As the complaint says, “Instead of a politically biased seventeen-year-old social media activist whose posts reveal his obvious bias, the June 29 Twitter Post came from a nationally recognized journalist.” And, “Objective readers interpreted Reid’s retweet as accusing La Liberte of being one of those who screamed racial obscenities at a minor during the City Council Meeting.”
Do It For The ‘Gram
If that were all Reid did, it would still have exposed La Liberte to an unearned tidal wave of hate and scorn, but the television host was not done. She made it much worse. Reid has “only” 100k Instagram followers and she didn’t’ send out the same message to them. Instead, she made her own, adopting the facts – as Vargas presented them – as her own.
“It was inevitable that this image would be made. It’s also easy to look at old black and white photos and think: I can’t believe that person screaming at a child, with their face twisted in rage, is real. B[ut] every one of them were. History sometimes repeats. And it is full of rage. Hat tip to @joseiswriting. #regram #history #chooselove.”
That none of this was accurate has become a problem for Reid. The young man in the photo stated publicly that he “felt like [La Liberte] was still trying to keep it civil, which I appreciate,” and “she was being civil.” La Liberte became a target of opportunity for anyone ready to unleash on her, because of her alleged threats against the teen. She lost count of the death threats delivered in myriad ways, and her image was cast across the internet as the face of bigotry.
Second Circuit Overturns
When La Liberte sued for defamation, Reid fought and won in the lower courts, and soundly. The judge ruled that La Liberte was to be considered a public figure in this instance, making victory on a defamation case almost impossible. And also, that California’s Anti-Strategic Lawsuits Against Public Participation (“anti-SLAPP”) law applied – ordering La Liberte to pay Reid’s attorney’s fees.
To say the appellate court reversed that ruling is an understatement.

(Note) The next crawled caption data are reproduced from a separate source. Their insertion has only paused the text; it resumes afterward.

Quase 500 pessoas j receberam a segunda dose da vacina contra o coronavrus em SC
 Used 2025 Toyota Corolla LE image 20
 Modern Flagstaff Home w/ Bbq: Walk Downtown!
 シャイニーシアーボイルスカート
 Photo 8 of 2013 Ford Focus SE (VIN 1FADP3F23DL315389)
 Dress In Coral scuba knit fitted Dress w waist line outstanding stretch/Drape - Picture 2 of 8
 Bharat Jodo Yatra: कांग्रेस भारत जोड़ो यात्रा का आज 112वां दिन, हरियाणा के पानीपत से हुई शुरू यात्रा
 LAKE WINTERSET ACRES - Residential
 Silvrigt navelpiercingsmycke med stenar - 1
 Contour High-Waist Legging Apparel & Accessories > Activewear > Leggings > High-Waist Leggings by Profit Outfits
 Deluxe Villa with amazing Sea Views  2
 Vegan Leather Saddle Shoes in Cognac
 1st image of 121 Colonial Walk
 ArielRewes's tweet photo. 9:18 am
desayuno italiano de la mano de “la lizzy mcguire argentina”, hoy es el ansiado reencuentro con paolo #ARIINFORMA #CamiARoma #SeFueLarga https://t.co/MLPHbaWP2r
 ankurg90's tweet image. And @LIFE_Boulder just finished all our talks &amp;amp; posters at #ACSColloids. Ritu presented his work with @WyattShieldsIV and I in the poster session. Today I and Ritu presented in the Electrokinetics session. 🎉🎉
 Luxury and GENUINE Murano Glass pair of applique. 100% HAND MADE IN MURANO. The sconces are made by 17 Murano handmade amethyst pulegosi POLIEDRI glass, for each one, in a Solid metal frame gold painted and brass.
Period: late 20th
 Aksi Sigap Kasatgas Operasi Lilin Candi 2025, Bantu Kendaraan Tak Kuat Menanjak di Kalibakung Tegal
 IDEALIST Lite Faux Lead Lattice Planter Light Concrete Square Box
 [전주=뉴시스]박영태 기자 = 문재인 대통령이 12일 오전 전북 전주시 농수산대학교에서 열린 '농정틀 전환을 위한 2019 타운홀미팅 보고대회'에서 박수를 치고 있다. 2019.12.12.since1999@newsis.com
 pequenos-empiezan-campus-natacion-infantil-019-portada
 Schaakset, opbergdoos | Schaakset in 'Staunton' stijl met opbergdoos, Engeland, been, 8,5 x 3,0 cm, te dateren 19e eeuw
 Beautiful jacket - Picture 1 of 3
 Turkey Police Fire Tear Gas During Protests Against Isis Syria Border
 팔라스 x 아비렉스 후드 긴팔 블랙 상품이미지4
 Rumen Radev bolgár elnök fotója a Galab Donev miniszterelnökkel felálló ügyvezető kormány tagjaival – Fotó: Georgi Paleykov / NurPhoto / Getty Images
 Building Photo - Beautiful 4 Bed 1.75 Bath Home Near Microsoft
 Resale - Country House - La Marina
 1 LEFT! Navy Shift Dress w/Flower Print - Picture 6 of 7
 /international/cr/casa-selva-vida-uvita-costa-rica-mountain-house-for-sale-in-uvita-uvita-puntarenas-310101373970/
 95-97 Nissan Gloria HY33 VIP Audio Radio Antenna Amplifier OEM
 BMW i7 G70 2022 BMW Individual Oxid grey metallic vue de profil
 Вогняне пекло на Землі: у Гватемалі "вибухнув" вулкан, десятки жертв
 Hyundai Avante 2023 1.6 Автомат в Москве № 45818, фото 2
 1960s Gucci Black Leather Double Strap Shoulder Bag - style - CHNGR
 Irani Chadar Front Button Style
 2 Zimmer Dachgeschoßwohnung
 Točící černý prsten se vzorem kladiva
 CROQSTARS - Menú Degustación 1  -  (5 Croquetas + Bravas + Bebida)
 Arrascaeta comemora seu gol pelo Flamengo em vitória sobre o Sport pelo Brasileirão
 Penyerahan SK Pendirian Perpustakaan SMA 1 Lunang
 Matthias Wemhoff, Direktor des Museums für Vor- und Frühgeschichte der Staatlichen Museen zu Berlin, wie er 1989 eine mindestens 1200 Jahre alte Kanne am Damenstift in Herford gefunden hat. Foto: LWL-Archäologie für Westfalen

This week, the Second Circuit Court of Appeals ruled that La Liberte is not a public figure for slander analysis purposes because she doesn’t have regular ongoing media access. They also ruled that the anti-SLAPP law may not be applied in federal court because it violates due process rules.
Reid’s great hand turned into a busted flush, and now the case will return to the lower court. The defendant will have a tough road ahead to avoid liability for her speech.